Learn from Japan and Have a Plan

Includes: DIA, SPY
by: Andy Abraham

As if we did not have enough negative news regarding the current housing debacle and the accompanying mortgage crisis, Goldman Sachs (NYSE:GS) analysts came out with a report stating that 2 trillion dollars of loan reductions could be possible and could initiate an ensuing credit crunch. The implications are obvious: obtaining a loan would become more arduous which would put us closer to a Recession. Being dependent on almost $100 a barrel oil and foreign investment is only adding fuel to the fire. It is very interesting how just several short months ago the U.S. mortgage system was the envy of the world. Now unfortunately it seems the U.S. mortgage system is imploding.

In the early 1980's we were going through another financial crisis. Then, as now, times were becoming very difficult. However one major difference was the fact the government did not come in and bail out the financial institutions. They were allowed to fail. There was a proverbial wringing of excess. Possibly due to this wringing of excess we enjoyed one of the longest running bull markets. Mr. Bernanke and his colleagues have taken a different approach. They have lowered interest rates.

In life, as different as things seem to be, many times they are similar. What I am referring to is the case in the late 1980's when Japan's stock market was at a parabolic high. Japanese investors were buying up U.S. real estate assets as well as companies. Easy credit and cheap money were flowing like water [sounds familiar? see the situation in the U.S. up until recently].

In 1989 the Japanese stock market, which hit a high of approx 39,000, started to implode. The financial strength of Japan started to unravel. The Japanese government thought it was prudent to lower interest rates to bail out the lenders. In retrospect it is very clear that this did not work. For the last 15 years Japan has been experiencing virtually an economic disaster. The Japanese stock market has been down for now almost 18 years and sits at less than half of its former value at 15,154.61.

Zero rates did not lead to economic growth!

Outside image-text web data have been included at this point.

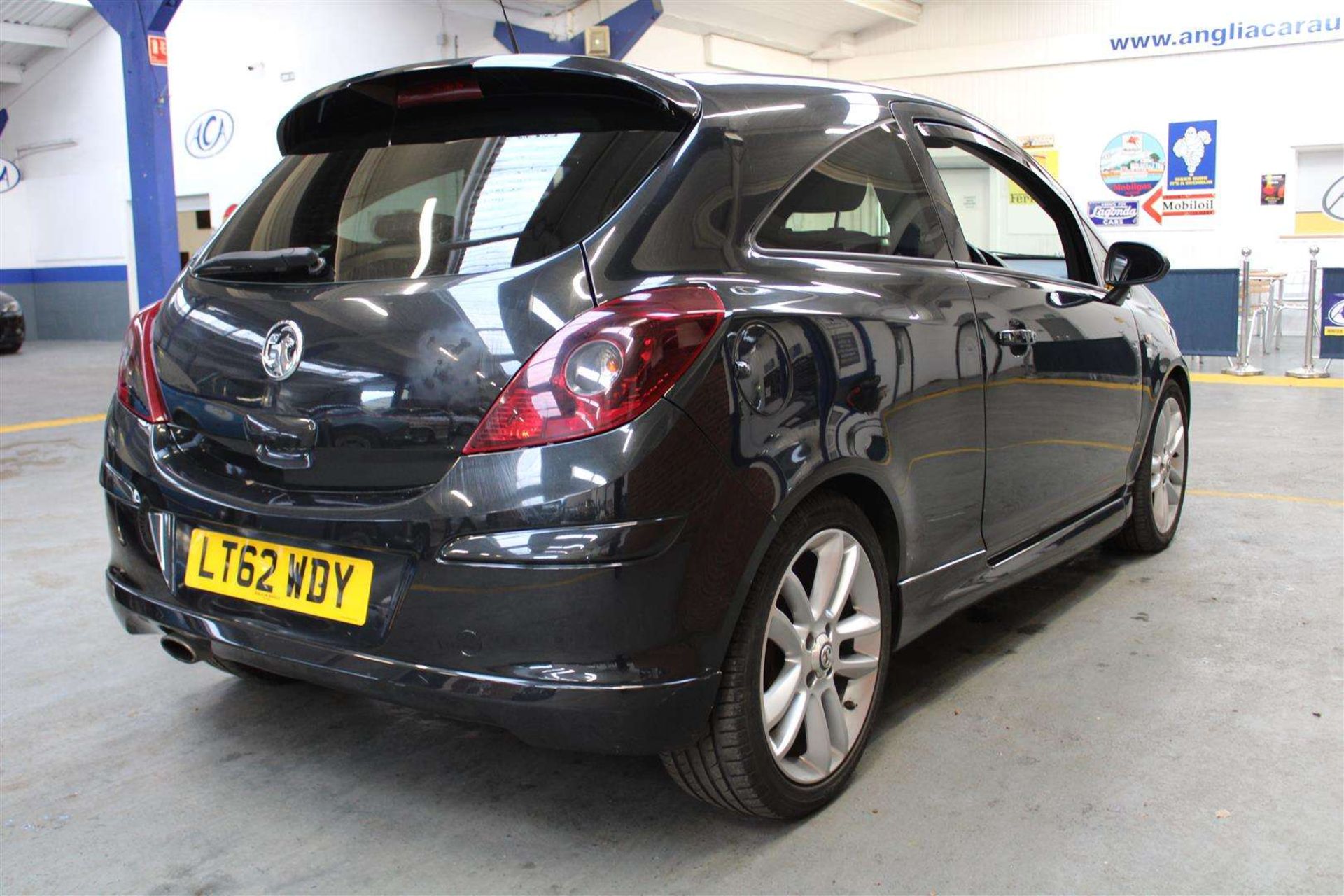 2012 VAUXHALL CORSA LIMITED EDITION - Image 12 of 26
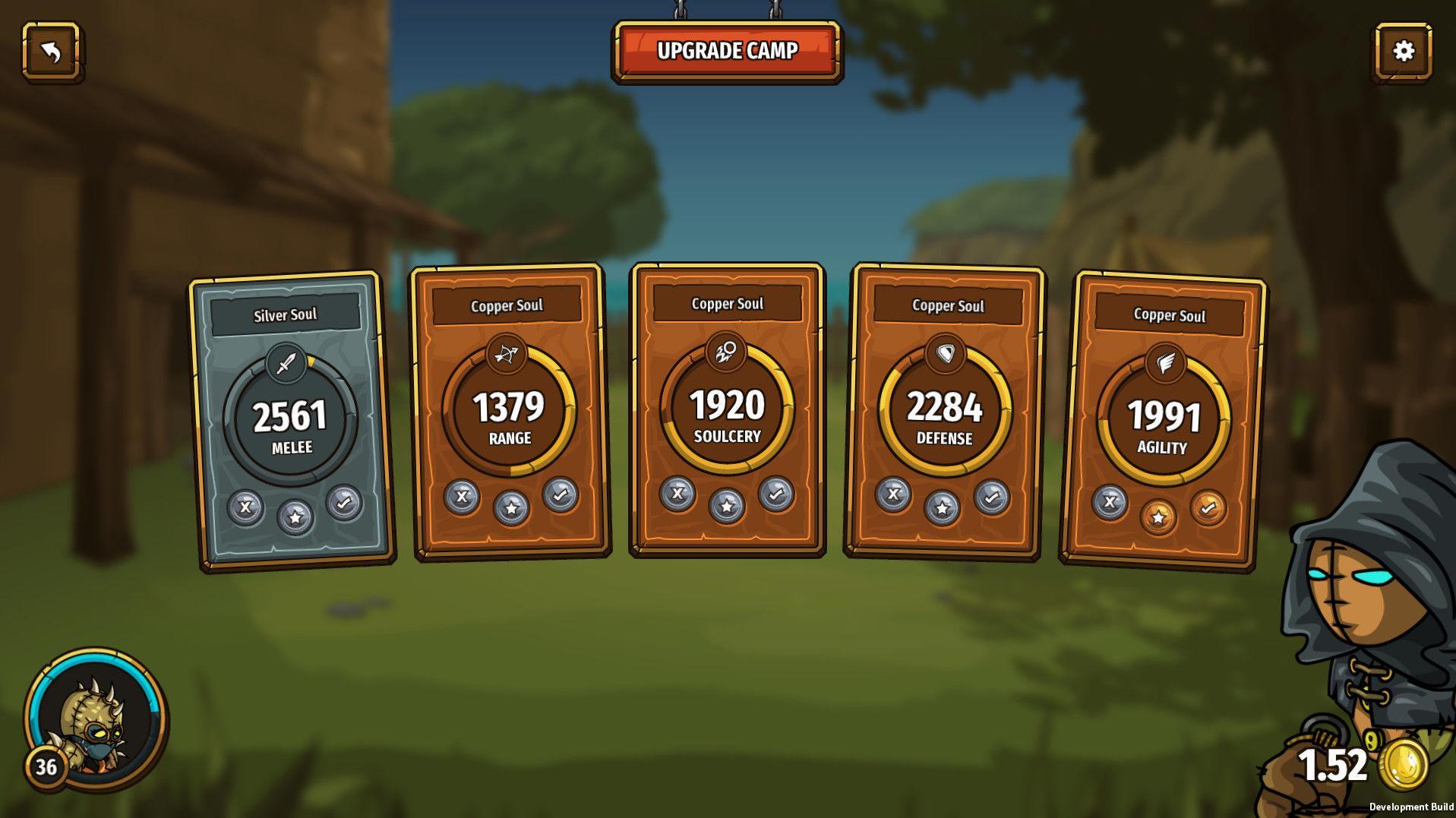 Скриншот из игры Swords & Souls: Neverseen - 64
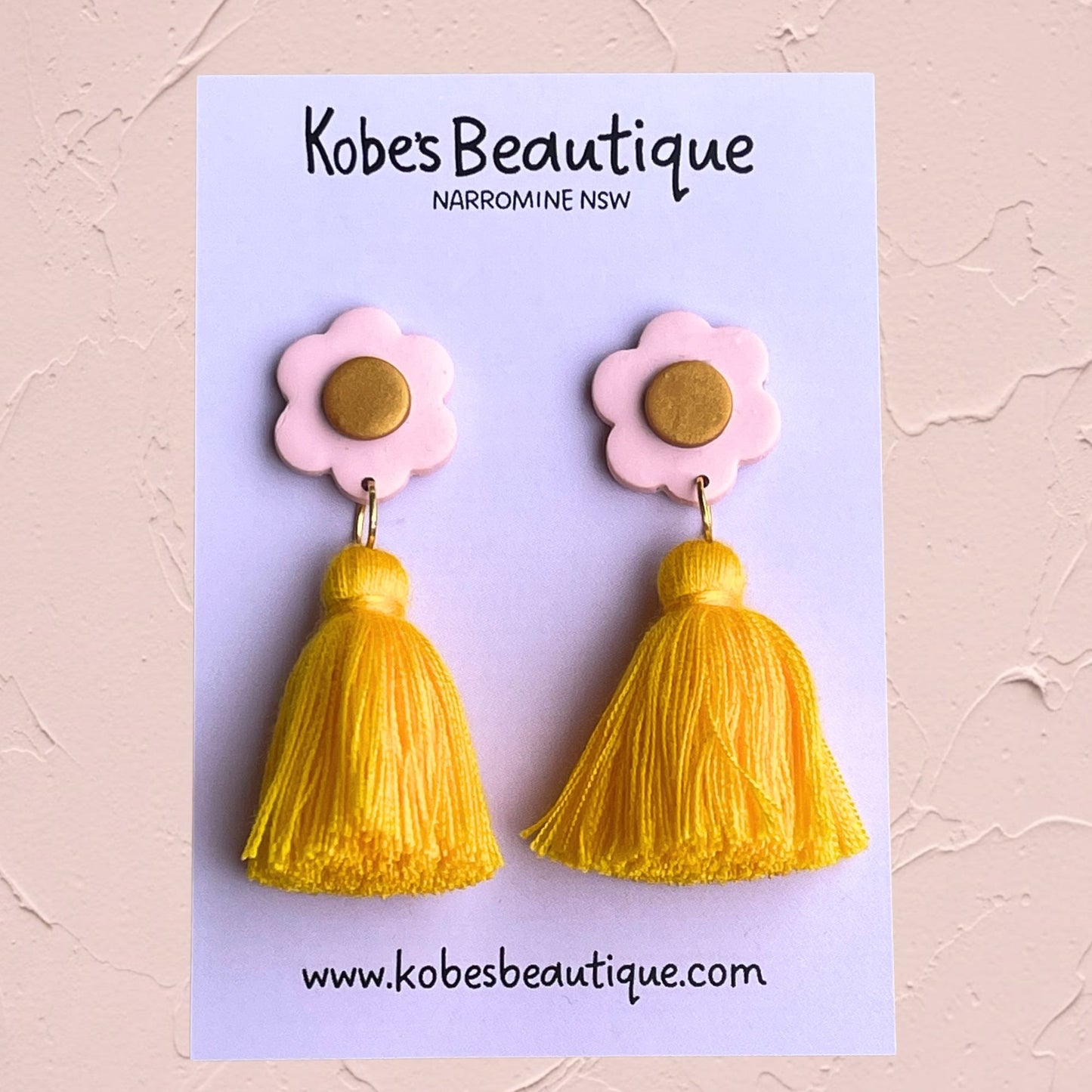 Tassel Dangles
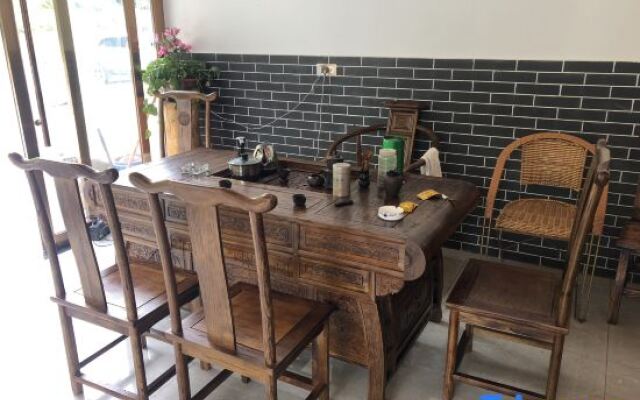 Sanqingshan single family house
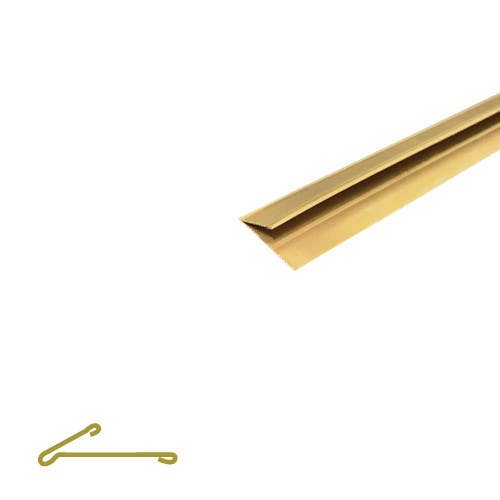 Accurate 181 Interlocking Weather Strip, Hinge Door Spring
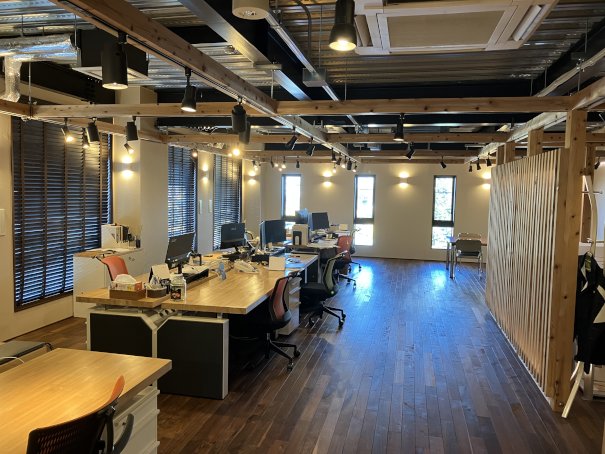 執務室（営業・工事）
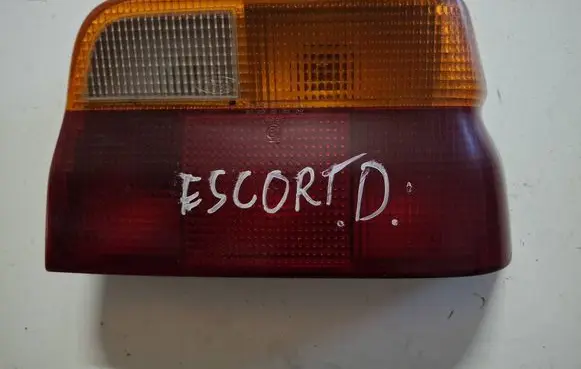 Ford Escort Rear/tail lights 91AG13A602AA 91AG13A602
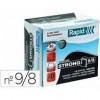 GRAPAS RAPID 9/8 CAJA 5000 GRAPAS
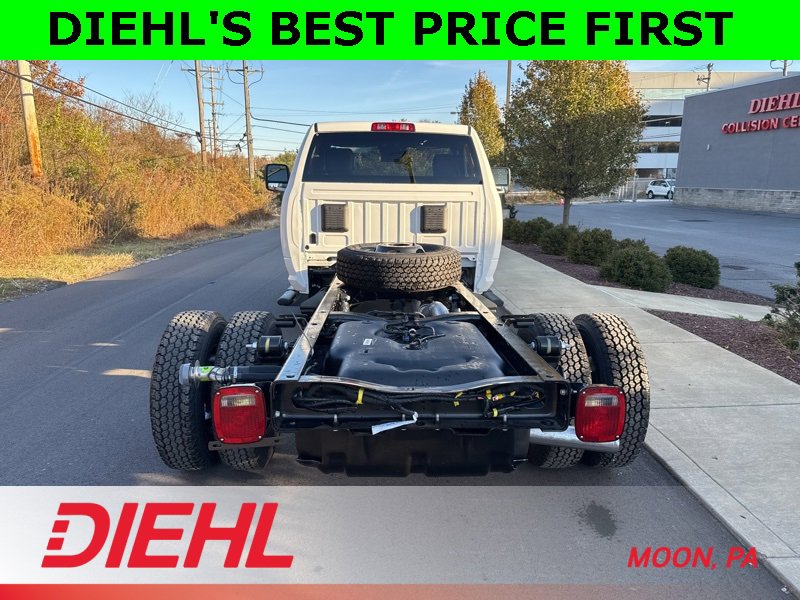 New 2026 RAM 3500 Tradesman image 6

What I have learned from all my years of investing is that anything can happen and PRUDENCE is Paramount to Return. I have had this discussion regarding Japan with clients and not one thinks this can happen in America. After 1929 it took 25 years for the Dow to get back to its 1929 levels. Regardless of your beliefs and bias on the markets, have a plan. It is obvious when your investments and trades work, but more importantly when they do not work out, know when to exit according to your plan.